▶ _Work to be completed_
Records follow. Print exactly the lines from the one that has "SDS-PAGE analysis of" through the one that has "Chân dung bà", inclusive, and omit the pictures.

*** Opening of Input data ***

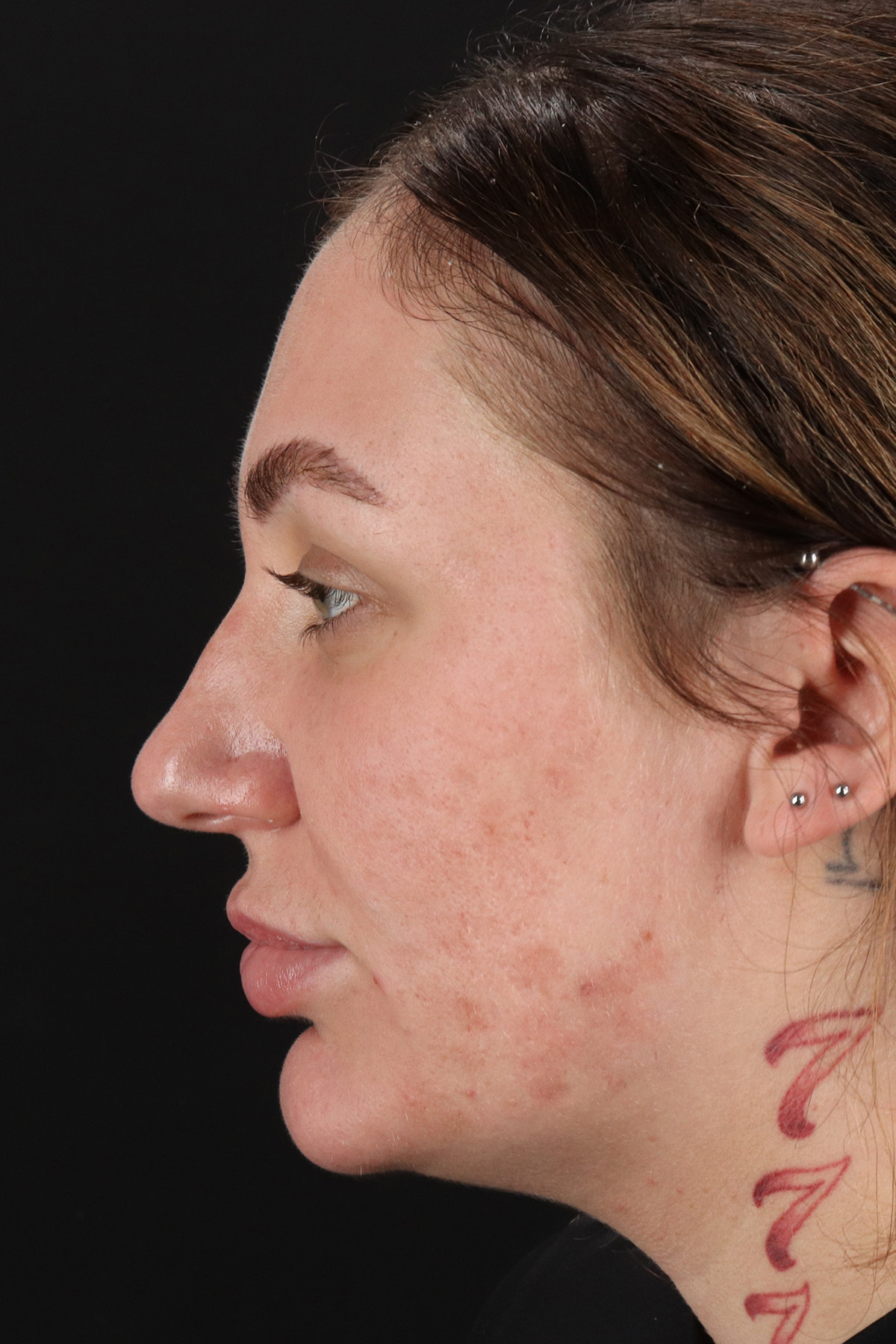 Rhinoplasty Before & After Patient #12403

*** Close of Input data ***
*** Opening of Input data ***

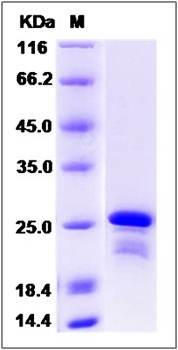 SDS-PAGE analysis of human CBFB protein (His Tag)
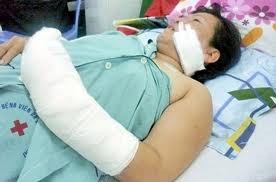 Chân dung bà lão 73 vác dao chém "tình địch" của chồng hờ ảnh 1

*** Close of Input data ***

▶ _Task solution_
 SDS-PAGE analysis of human CBFB protein (His Tag)
 Chân dung bà lão 73 vác dao chém "tình địch" của chồng hờ ảnh 1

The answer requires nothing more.